Why is SpecZ there? I don't know much about arithmetic schemes because I consider C-algebras and go from there, but I would imagine that an arithmetic scheme has a cover by affine opens the same way all schemes do, so why does the picture suggest you can only take the curve specZ? I think you're just looking at an example there OP. I'll tell you think, I bet they're complicated as fuck. They would always have the frobenius automorphism over F_p...

>Why is SpecZ there?
because typically by definition that's what an arithmetic scheme is, a scheme over Spec Z (arithmetic meaning looking at Z instead of some field k)

>e, but I would imagine that an arithmetic scheme has a cover by affine opens
They do. But the affine schemes are always SpecZ.

You'd think they'd be interesting.
But they're not.


Complex algebraic geometry best algebraic geometry.

But like SpecZ is by definition the prime ideals of Z. And the prime ideals of Z are the principal ideals generated by prime numbers. There must be something interesting going on here.

just learn stone duality. do topology

>doing algebraic geometry over fields of characteristic 0
It's like you don't want to say Frobenius four times per sentence.

i am convinced algebraic geometry is some alien shit and that grothendieck was from the future

i have been struggling with this stuff for fucking ever and i thought i had made progress but i don't even know what the shit an arithmetic scheme is

just fucking kill me

"The Geometry of Schemes" by Eisenbud&Harris is probably the most "intuitive" introduction to Schemes.

how old are the people who understand this
i feel like i'm probably years behind everyone

I'm 18.

How comfortable are you with the classical notions of alegraic geometry?

vague understanding at 23

Op here. 19, basic understanding.

About 50 pages into this book.

god damnit
i'm 23 and i'm still having trouble with some prerequisite ring theory stuff
i'm about ready to just give up

Studying the Geometry has actually helped me understand some Ring theory stuff better.
Specifically, localization of rings. Made a lot more sense why we would want to do that when studying the Zariski Tangent Space.
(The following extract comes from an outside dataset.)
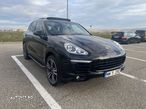 Porsche Cayenne 3.0 L - 4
I think it helps to think of localizations as rational functions without poles. This viewpoint especially makes the name meaningful.

Yeah I realized that when studying the geometry. Locally ringed spaces and the stalks of their structure sheaves.

schemes are something you learn in a high-level graduate course. Think 600-700 level. They require a ton of prerequisites including category theory, topology, algebraic topology, basic algebraic geometry, commutative algebra, linear algebra, ....

>2016
>not learning schemes in preschool

Yes, I think that's one of the many things in commutative algebra you really need to get the geometric intuition for. That said, it's amazing how many purely algebraic things boil down to "prove this is true for a local ring and then you're done."

>be taking undergraduate algebra
>not too bad
>get through groups, rings and polynomials just fine
>get to fields, finite fields and Galois theory
>suddenly struggling

Am I just an idiot?

You need to spend more time on it. I distinctly remember working through a problem set in my course on those topics and suddenly all of the ideas behind Galois theory simultaneously clicked.

I tend to disagree. You don't need much category theory, topology or algebraic topology to get started with schemes. The very basic notions of category, functor and topological space should be enough.

kek'd

knowledge accretes faster as you learn more.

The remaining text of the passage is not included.